Viernes, 22 de febrero de 2008 | Hoy
EL PAíS › OPINION
Por Luis Bruschtein
Fusilar y que todo el mundo sepa que fue un fusilamiento, pero negarlo y decir, jurar y perjurar que fue un intento de fuga, tiene una carga igual a la de los desaparecidos. Se los secuestra y desaparece y que todo el mundo lo sepa, pero se lo niega. No hay reglas de juego, yo soy el amo, el que tiene poder y no necesita justificarlo ante nadie. Decido sobre la vida y la muerte y no tengo que rendir cuentas. Y que todo el mundo lo sepa. Que la sociedad lo sepa y lo incorpore en el lugar más recóndito de sus miedos. Sobre todo, el miedo como algo presente pero negado, espectral, amenazante. Eso fue la dictadura. Y eso comenzó a despuntar con los fusilamientos de Trelew y luego con los desaparecidos.
Parecerá vetusto hablar de los fusilamientos de Trelew, darle importancia a un hecho que pasó hace más de treinta años. Pero esa trama tejida sobre el miedo espectral que flotó sobre la sociedad, impregnó todos sus rincones y delineó conductas y actitudes, fue tan fuerte por el secreto, por lo no reconocido, que cuando se hace la luz, cuando los fantasmas se disuelven con la luz, quedan solamente los hechos, la cobardía de un acto arbitrario, salvaje e innecesario. No es un acto de poder, es barbarie pura y despreciable. Y así se va desanudando esa trama cerrada del miedo profundo que modeló a una sociedad.
El cabo Marandino dice: no fue un intento de fuga. Dice: los sacaron de las celdas y los fusilaron. Dice: cantaban el Himno porque se dieron cuenta de que iban a morir. Confirma lo que dijeron los sobrevivientes. Y los verdugos, despojados de los atributos de ese poder oscuro, quedan incluso disminuidos frente a sus víctimas, aun cuando no se esté de acuerdo con ellas. No hay legitimidad ni valentía en fusilar prisioneros inermes sin siquiera asumir la responsabilidad de haberlo hecho. Hay miseria, seres pequeños con un poder sin épica.
La voz oficial siempre fue ambigua: fusilamos, pero no fusilamos. Mucha gente tomó la palabra oficial, aceptó que fue un intento de fuga, porque la palabra oficial es más creíble, es más seria. Pero en el fondo sabía que fue una masacre y tejió sus miedos o sus rabias o asumió la falsa moral de ese discurso. Esa es la lección con que la masacre de Trelew alimentó a la sociedad y que luego se reproducirá 30 mil veces con la dictadura.

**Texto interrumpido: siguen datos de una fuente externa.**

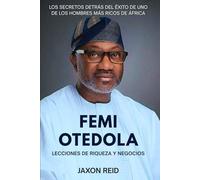 FEMI OTEDOLA: Lecciones de riqueza y negocios: Los secretos detrás del éxito de uno de los hombres más ricos de África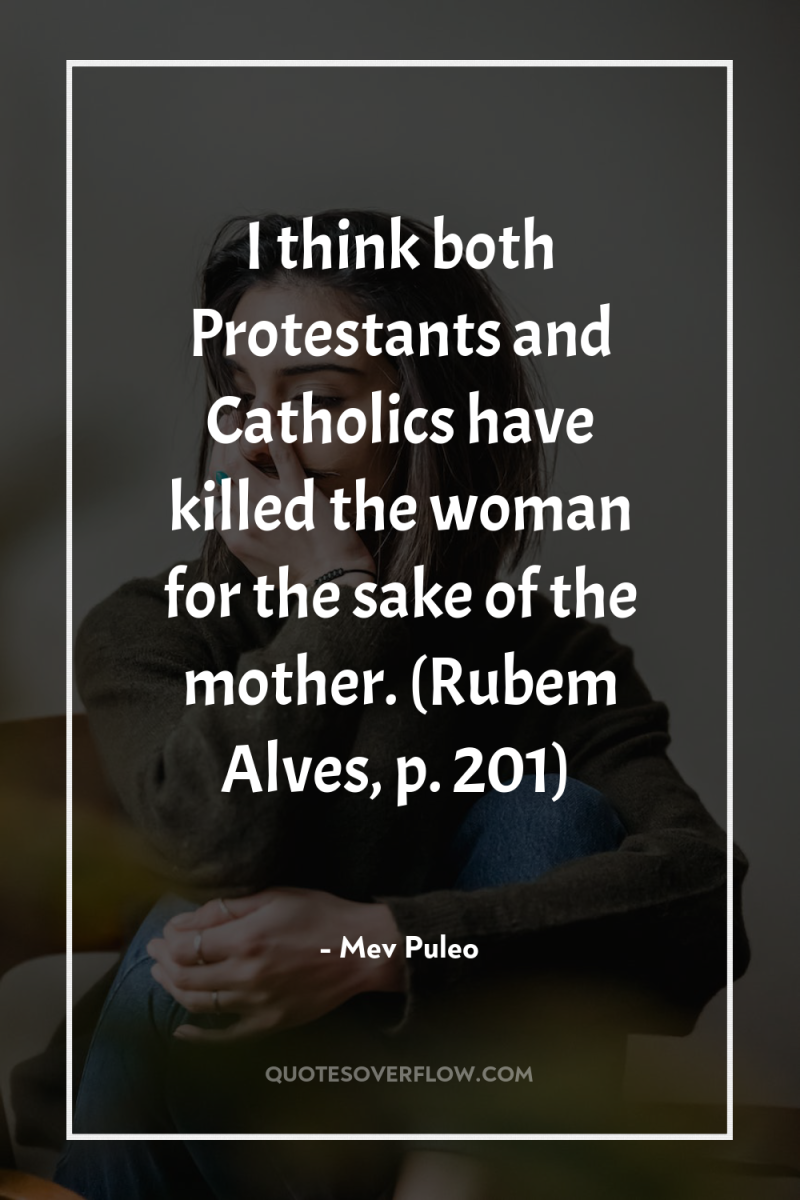 I think both Protestants and Catholics have killed the woman...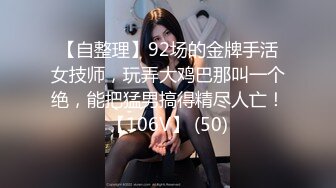 【自整理】92场的金牌手活女技师，玩弄大鸡巴那叫一个绝，能把猛男搞得精尽人亡！【106V】 (50)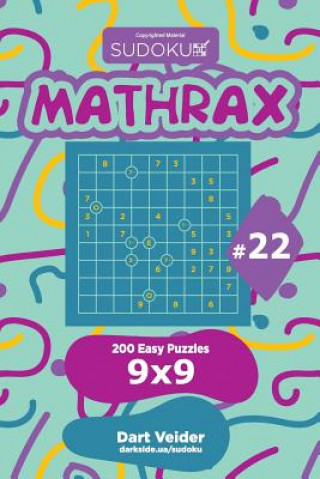 Kniha Sudoku Mathrax - 200 Easy Puzzles 9x9 (Volume 22) Dart Veider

Los verdugos tienen ahora el patetismo de los fantasmas a la luz del día. “¿Esos eran nuestros héroes?”, dirán algunos. “¿A eso le teníamos tanto miedo?”, pensarán otros. Son las preguntas que disuelven los nervios de una lógica que amarró al país. Que lo sofocó en su momento y en los que siguieron. Porque hasta ayer seguían siendo héroes o monstruos y hoy son nada más que seres patéticos, despreciables.
Marandino dice que sus jefes de ese momento le ordenaron que debía mentir. Y comenzaron a tejer un andamiaje de mentiras que terminaron embarrando más que sosteniendo a toda la Armada, que con esa masacre trataba de obstaculizar el proyecto del dictador Alejandro Lanusse de iniciar la retirada del poder. Los prisioneros fueron fusilados por las diferencias internas entre las Fuerzas Armadas, ni siquiera fue un episodio de la “guerra antisubversiva” o una revancha por la fuga de los jefes guerrilleros. La luz disuelve las tinieblas, aun después de tantos años. Pone las cosas en su lugar y les da un orden ético y moral que alivia, porque puede dejar los miedos a un lado.